> [TRY IT]:
Look through the records below and give the number of lines holding the string "Canvas", nothing more.

(Stored records)
______________________________

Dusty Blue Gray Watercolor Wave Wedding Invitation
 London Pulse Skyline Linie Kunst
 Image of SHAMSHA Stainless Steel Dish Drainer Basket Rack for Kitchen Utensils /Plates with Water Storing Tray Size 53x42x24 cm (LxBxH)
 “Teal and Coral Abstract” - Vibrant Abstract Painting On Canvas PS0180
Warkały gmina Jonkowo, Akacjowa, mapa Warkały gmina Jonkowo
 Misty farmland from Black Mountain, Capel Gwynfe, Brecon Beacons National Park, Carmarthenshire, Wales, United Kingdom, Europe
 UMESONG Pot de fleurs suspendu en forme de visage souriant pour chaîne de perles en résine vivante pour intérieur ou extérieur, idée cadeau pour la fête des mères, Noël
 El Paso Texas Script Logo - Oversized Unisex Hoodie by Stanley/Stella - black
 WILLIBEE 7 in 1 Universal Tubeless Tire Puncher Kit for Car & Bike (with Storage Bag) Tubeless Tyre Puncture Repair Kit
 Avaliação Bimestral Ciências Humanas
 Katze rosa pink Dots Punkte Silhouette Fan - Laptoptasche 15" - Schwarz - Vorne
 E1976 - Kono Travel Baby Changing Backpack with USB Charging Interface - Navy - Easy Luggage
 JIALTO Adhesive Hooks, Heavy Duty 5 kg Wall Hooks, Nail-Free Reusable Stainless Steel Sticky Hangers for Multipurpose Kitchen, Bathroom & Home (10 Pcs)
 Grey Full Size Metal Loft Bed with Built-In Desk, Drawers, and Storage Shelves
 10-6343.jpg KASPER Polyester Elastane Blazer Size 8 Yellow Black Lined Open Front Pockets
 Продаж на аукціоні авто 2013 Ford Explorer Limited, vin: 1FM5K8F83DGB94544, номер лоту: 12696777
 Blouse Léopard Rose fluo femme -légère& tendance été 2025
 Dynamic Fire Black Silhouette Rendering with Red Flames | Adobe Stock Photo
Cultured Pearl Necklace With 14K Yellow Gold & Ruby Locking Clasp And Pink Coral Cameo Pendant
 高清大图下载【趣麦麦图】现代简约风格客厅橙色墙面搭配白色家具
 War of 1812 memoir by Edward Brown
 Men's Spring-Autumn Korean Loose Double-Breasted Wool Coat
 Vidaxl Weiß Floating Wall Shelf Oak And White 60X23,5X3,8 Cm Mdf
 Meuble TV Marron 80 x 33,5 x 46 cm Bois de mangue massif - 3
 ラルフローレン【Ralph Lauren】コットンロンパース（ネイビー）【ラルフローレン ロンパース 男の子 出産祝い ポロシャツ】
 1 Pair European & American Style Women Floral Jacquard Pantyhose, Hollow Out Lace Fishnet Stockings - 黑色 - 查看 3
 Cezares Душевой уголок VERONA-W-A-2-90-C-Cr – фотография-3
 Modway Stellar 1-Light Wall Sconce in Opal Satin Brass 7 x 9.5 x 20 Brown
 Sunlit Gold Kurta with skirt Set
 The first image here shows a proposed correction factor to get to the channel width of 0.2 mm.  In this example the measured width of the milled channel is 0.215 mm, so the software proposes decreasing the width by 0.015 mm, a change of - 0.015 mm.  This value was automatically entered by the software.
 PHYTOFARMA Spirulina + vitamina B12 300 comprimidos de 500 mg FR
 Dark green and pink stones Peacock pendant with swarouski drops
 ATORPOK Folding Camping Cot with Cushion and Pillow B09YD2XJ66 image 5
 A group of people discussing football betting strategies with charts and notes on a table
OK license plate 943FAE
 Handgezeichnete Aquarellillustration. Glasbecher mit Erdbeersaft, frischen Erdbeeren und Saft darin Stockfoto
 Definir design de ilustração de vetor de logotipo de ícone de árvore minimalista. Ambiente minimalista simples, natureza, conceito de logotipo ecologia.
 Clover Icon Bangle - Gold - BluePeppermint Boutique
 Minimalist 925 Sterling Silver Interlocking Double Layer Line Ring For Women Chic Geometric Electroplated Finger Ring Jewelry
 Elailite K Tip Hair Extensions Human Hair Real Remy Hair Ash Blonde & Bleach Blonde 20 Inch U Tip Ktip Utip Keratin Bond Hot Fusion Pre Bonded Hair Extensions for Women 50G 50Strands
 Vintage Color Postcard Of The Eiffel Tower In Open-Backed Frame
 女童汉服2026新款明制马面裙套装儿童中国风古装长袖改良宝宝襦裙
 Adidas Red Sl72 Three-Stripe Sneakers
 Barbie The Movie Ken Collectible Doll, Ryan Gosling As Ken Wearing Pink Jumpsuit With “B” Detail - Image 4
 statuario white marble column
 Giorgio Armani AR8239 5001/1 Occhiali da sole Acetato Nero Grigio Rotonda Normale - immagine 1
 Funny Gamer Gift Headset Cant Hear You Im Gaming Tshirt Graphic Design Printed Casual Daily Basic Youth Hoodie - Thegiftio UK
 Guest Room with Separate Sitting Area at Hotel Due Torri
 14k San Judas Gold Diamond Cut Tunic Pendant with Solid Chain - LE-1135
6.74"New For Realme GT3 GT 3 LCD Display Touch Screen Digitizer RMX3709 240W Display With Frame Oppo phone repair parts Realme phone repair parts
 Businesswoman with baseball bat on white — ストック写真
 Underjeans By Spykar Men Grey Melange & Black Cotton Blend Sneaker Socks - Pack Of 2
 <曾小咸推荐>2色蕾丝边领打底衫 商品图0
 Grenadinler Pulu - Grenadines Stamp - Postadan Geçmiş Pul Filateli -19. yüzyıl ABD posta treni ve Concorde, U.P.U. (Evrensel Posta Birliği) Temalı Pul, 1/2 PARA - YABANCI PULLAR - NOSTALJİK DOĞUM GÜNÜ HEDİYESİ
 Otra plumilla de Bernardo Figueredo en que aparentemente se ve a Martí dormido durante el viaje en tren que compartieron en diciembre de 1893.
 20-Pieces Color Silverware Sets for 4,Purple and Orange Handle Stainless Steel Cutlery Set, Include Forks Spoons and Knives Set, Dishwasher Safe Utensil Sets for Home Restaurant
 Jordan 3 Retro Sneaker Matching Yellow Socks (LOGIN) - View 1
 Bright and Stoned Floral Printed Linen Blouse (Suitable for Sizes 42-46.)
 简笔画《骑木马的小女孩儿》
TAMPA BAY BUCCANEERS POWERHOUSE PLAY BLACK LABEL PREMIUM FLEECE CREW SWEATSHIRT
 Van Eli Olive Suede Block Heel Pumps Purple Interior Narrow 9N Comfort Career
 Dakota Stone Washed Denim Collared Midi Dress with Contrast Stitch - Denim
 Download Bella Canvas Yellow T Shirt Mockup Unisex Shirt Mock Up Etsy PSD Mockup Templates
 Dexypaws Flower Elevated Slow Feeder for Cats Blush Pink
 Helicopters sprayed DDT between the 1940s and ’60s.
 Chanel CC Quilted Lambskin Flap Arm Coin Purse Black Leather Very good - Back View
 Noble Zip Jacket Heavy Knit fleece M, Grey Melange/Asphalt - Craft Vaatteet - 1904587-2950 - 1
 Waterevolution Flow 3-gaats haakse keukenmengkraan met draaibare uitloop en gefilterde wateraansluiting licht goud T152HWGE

______________________________

> [RESULT OF THIS TASK]:
2